Re: [PATCH 2/3] arm64: Optimize __READ_ONCE() with CONFIG_LTO=y
From: Marco Elver <elver@google.com>
Date: 2026-01-26 23:16:15
Also in:
lkml, llvm
On Mon, 26 Jan 2026 at 12:16, David Laight [off-list ref] wrote:
On Mon, 26 Jan 2026 01:25:11 +0100 Marco Elver [off-list ref] wrote:quoted
Rework arm64 LTO __READ_ONCE() to improve code generation as follows: 1. Replace the _Generic-based __unqual_scalar_typeof() with the builtin typeof_unqual(). This strips qualifiers from all types, not just integer types, which is required to be able to assign (must be non-const) to __u.__val in the non-atomic case (required for #2). One subtle point here is that non-integer types of __val could be const or volatile within the union with the old __unqual_scalar_typeof(), if the passed variable is const or volatile. This would then result in a forced load from the stack if __u.__val is volatile; in the case of const, it does look odd if the underlying storage changes, but the compiler is told said member is "const" -- it smells like UB. 2. Eliminate the atomic flag and ternary conditional expression. Move the fallback volatile load into the default case of the switch, ensuring __u is unconditionally initialized across all paths. The statement expression now unconditionally returns __u.__val.Does it even need to be a union? I think (eg): TYPEOF_UNQUAL(*__x) __val; \ ... : "=r" (*(__u32 *)&__val) \ will have the same effect (might need an __force for sparse).
Unsure, but we might be treading on UB even with -fno-strict-aliasing given all the inline asm around here.
Also is the 'default' branch even needed? READ_ONCE() rejects sizes other than 1, 2, 4 and 8. A quick search only found one oversize read - for 'struct vcpu_runstate_info' in arch/x86/kvm/xen.c Requiring that code use a different define might make sense.

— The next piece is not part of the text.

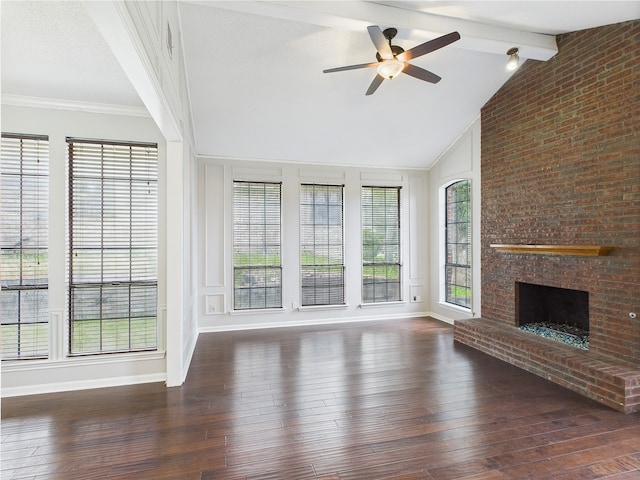 1120 Canyon Ridge Dr, Desoto, TX 75115 - unfurnished living room with hardwood / wood-style flooring, a ceiling fan, baseboards, and a brick fireplace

I also did some x86-64 build timings with compiletime_assert_rwonce_type() commented out. Expanding and compiling that check seems to add just over 1% to the build time. So anything to shrink that define is likely to be noticeable.
The compiletime_assert_rwonce_type() is for the benefit of the asm-generic variant, which is implemented like the 'default' case here by default. This here is only the arm64 override of all that with LTO.